Tentu, lanjut Prasetya, jika alat itu ada diatas kapal dan dapat berfungsi dengan baik maka minimalisir dari jatuhnya korban dapat ditekan bila terjadi musibag atau keadaan emergensi terhadap suatu kapal. Dalam hal ini harus ada kesadaran baik dari pelayaran maupun nakhoda itu sendiri sebagai pihak yang bertanggungjawab penuh atas nasib kapal.
“Registrasi EPIRB cukup mudah, gratis dan tidak betele-tele. Yang penting jelas kita ketahui nomor id EPIRB itu untuk didata lalu kita masukkan ke registrasi kita,” tandas Prasetya.

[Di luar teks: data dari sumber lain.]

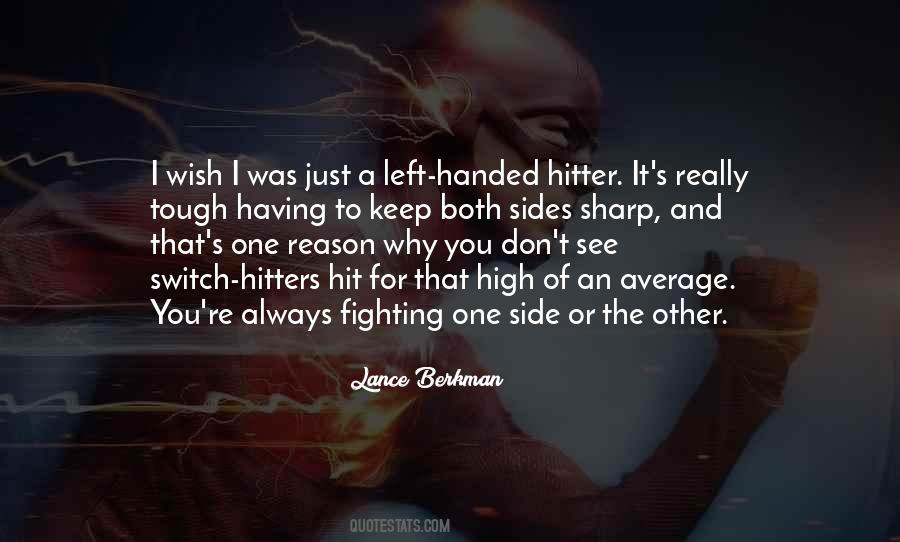 Quotes About Left Handed #384190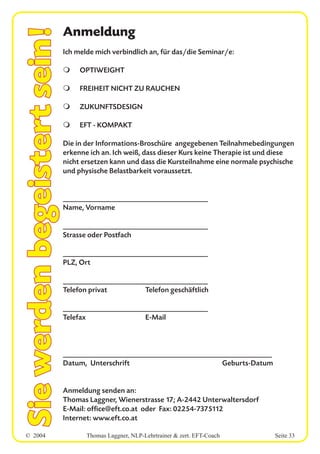 © 2004 Thomas Laggner, NLP-Lehrtrainer & zert. EFT-Coach Seite 33
Siewerdenbegeistertsein!Anmeldung
Ich melde mich verbindlich an, für das/die Seminar/e:
m OPTIWEIGHT
m FREIHEIT NICHT ZU RAUCHEN
m ZUKUNFTSDESIGN
m EFT - KOMPAKT
Die in der Informations-Broschüre angegebenen Teilnahmebedingungen
erkenne ich an. Ich weiß, dass dieser Kurs keine Therapie ist und diese
nicht ersetzen kann und dass die Kursteilnahme eine normale psychische
und physische Belastbarkeit voraussetzt.
___________________________________________
Name, Vorname
___________________________________________
Strasse oder Postfach
___________________________________________
PLZ, Ort
___________________________________________
Telefon privat Telefon geschäftlich
___________________________________________
Telefax E-Mail
______________________________________________________________
Datum, Unterschrift Geburts-Datum
Anmeldung senden an:
Thomas Laggner, Wienerstrasse 17; A-2442 Unterwaltersdorf
E-Mail: office@eft.co.at oder Fax: 02254-7375112
Internet: www.eft.co.at
 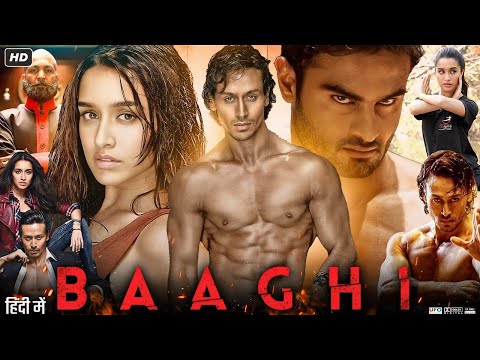 Baaghi 2016 Full Movie HD Tiger Shroff Shraddha Kapoor
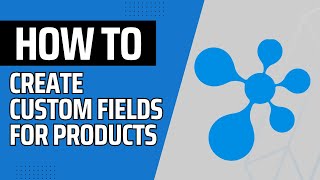 How to Create Custom Fields for Products within DecoNetwork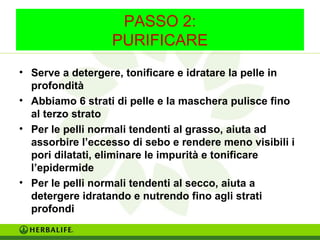 PASSO 2: 
PURIFICARE 
• Serve a detergere, tonificare e idratare la pelle in 
profondità 
• Abbiamo 6 strati di pelle e la maschera pulisce fino 
al terzo strato 
• Per le pelli normali tendenti al grasso, aiuta ad 
assorbire l’eccesso di sebo e rendere meno visibili i 
pori dilatati, eliminare le impurità e tonificare 
l’epidermide 
• Per le pelli normali tendenti al secco, aiuta a 
detergere idratando e nutrendo fino agli strati 
profondi 
 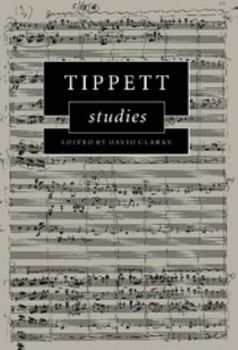 Tippett Studies - Book  of the Cambridge Composer Studies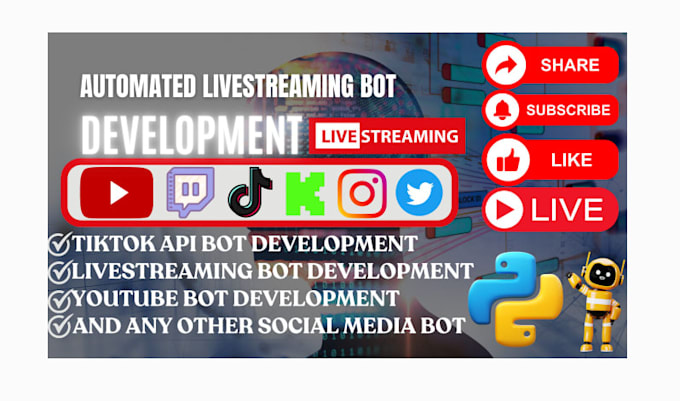 Gig Preview - Build tiktok bot, python bot, youtube bot, automation bot, live streaming bot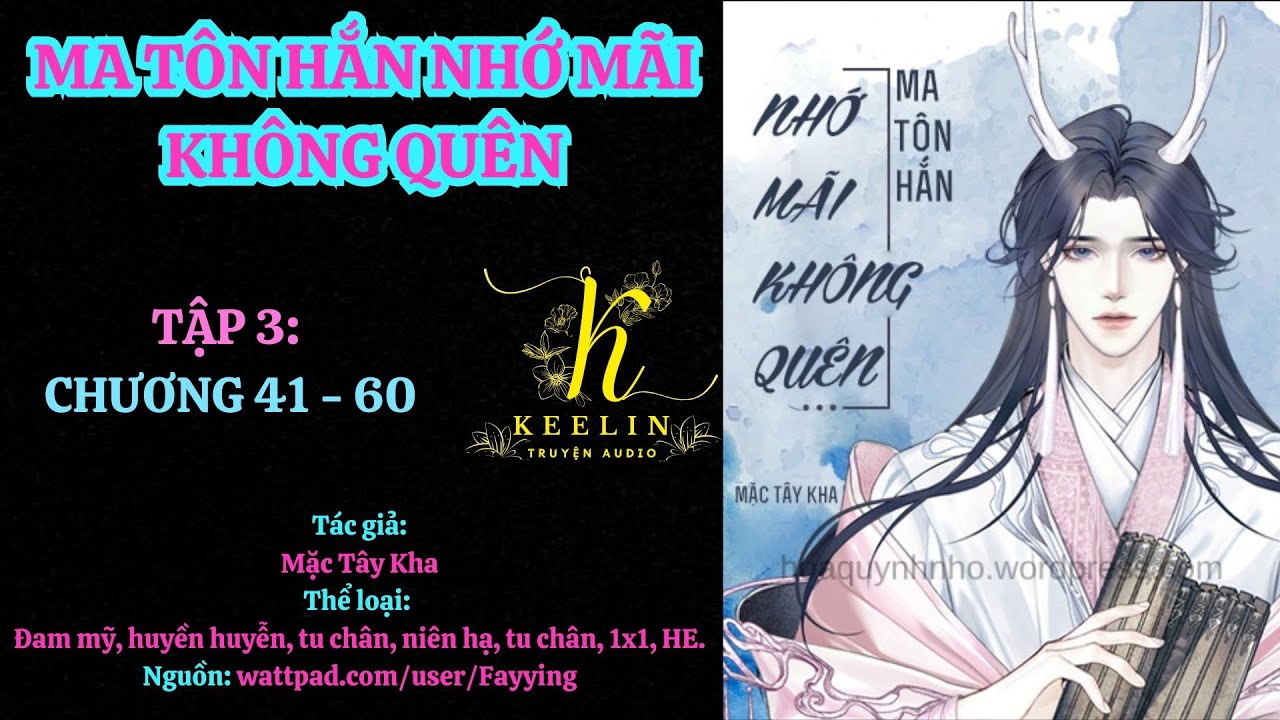 [FULL ] TẬP 3 - MA TÔN HẮN NHỚ MÃI KHÔNG QUÊN (Chương 41-60) - Mặc Tây Kha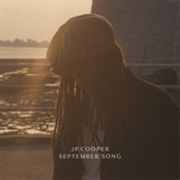 September Song - JP Cooper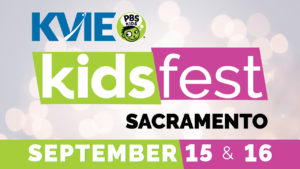 KVIE KidsFest 2018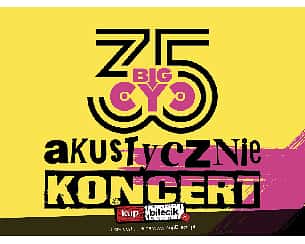Bilety na koncert BIG CYC AKUSTYCZNIE - 35 Lecie zespołu w Czerwionce-Leszczynach - 22-01-2023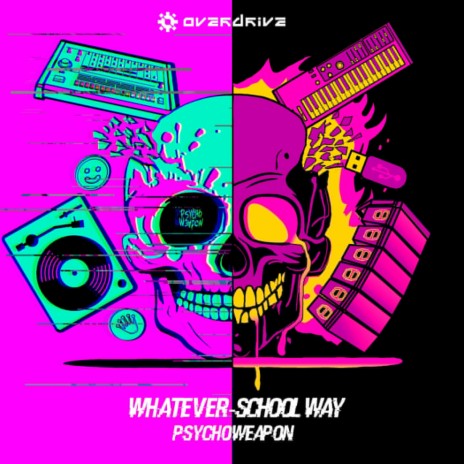 Whatever-School Way | Boomplay Music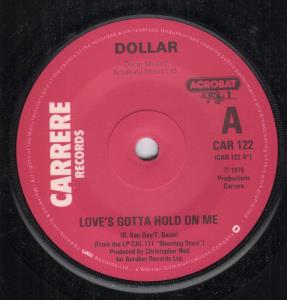 Dollar - Love's Gotta Hold On Me - 7 Inch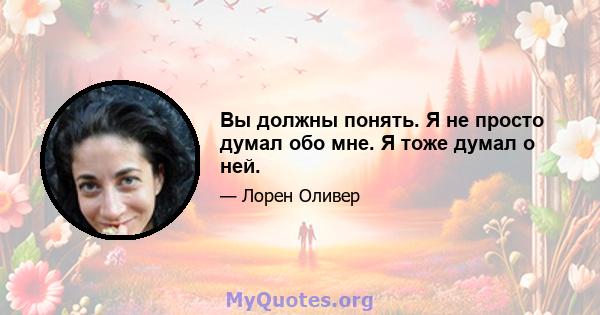 Вы должны понять. Я не просто думал обо мне. Я тоже думал о ней.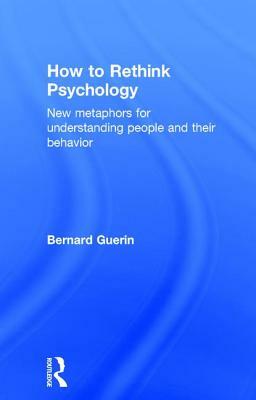 How to Rethink Psychology: New metaphors for understanding people and their behavior by Bernard Guerin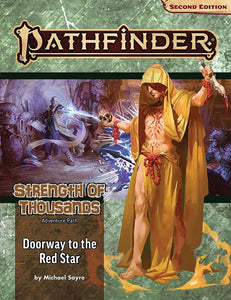 Pathfinder 2e Adventure Path Strength of Thousands Part 5 - Doorway to the Red Star  Paizo   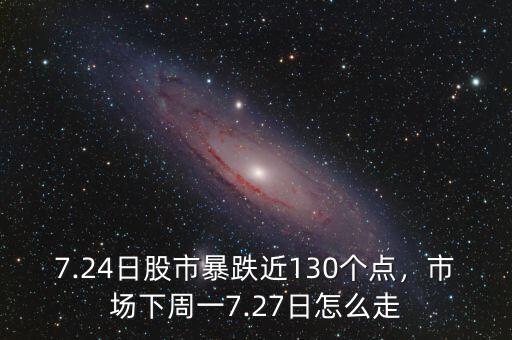 7.24日股市暴跌近130個(gè)點(diǎn)，市場(chǎng)下周一7.27日怎么走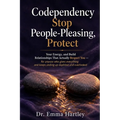 Codependency: Stop People-Pleasing, Protect Your Energy, and Build Relationships That Actually Respect You - for anyone who gives everything and keeps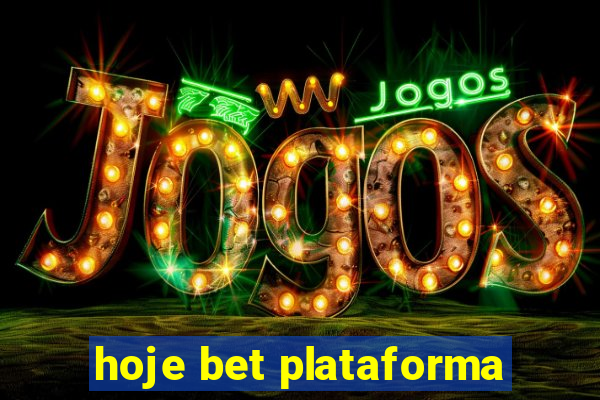 hoje bet plataforma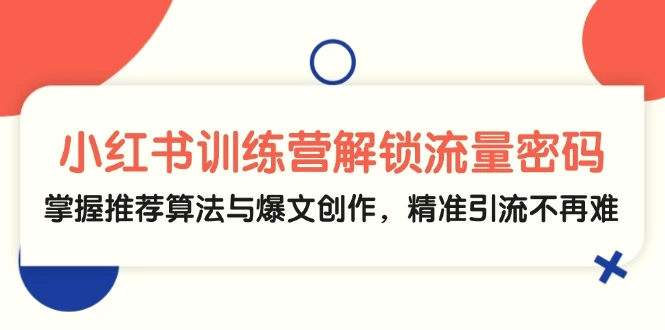 小红书训练营解锁流量密码，掌握推荐算法与爆文创作，精准引流不再难-臭虾米项目网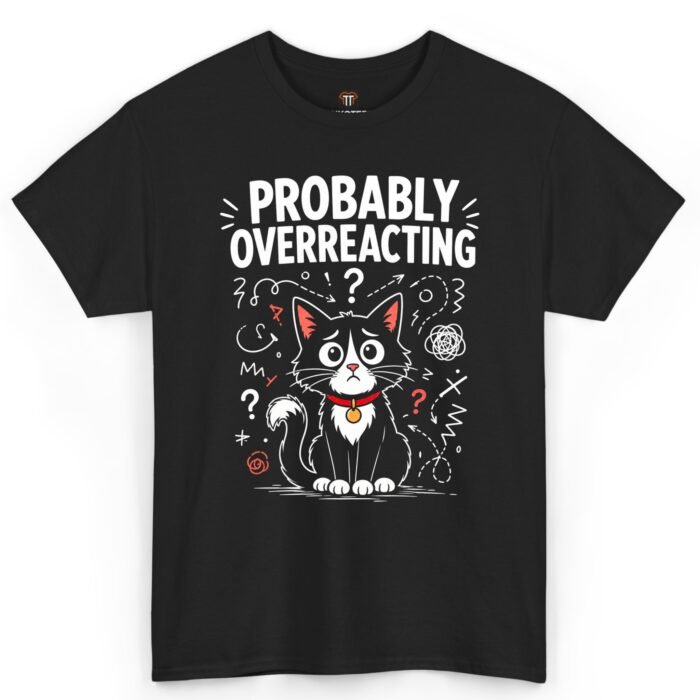 Probably Overreacting Cat Shirt Probably Overreacting Cat Shirt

Mengenai sistem kerja EPIRB, ketika terjadi suatu musibah pada kapal. Maka alat tersebut akan memancarkan sinyal yang ditangkap oleh satelit. Kemudian satelit akan memberikan sinyal kepada Basarnas Pusat bahwa ada situasi darurat. Tidak lebih dari 30 detik sudah terhubung ke Baarnas Pusat, kalau EPIRB yang otomatis bila terkena gentakan langsung mengirimkan sinyal.
Disamping itu, tentu pihak kepolisian harus bisa mengungkapkan dari pihak darat selain pihak kapalnya. Peranan bagian operasional yang menjadi ujung tombak perusahaan dilapangan akan sangat besar sekali kaitanya dengan alur pemuatan kapal baik itu muatan kapal maupun penumpang. Karena disinyalir banyak kecurangan terjadi akibat ulah oknum tersebut yang kongkalikong dengan pihak-pihak di lapangan. (RG)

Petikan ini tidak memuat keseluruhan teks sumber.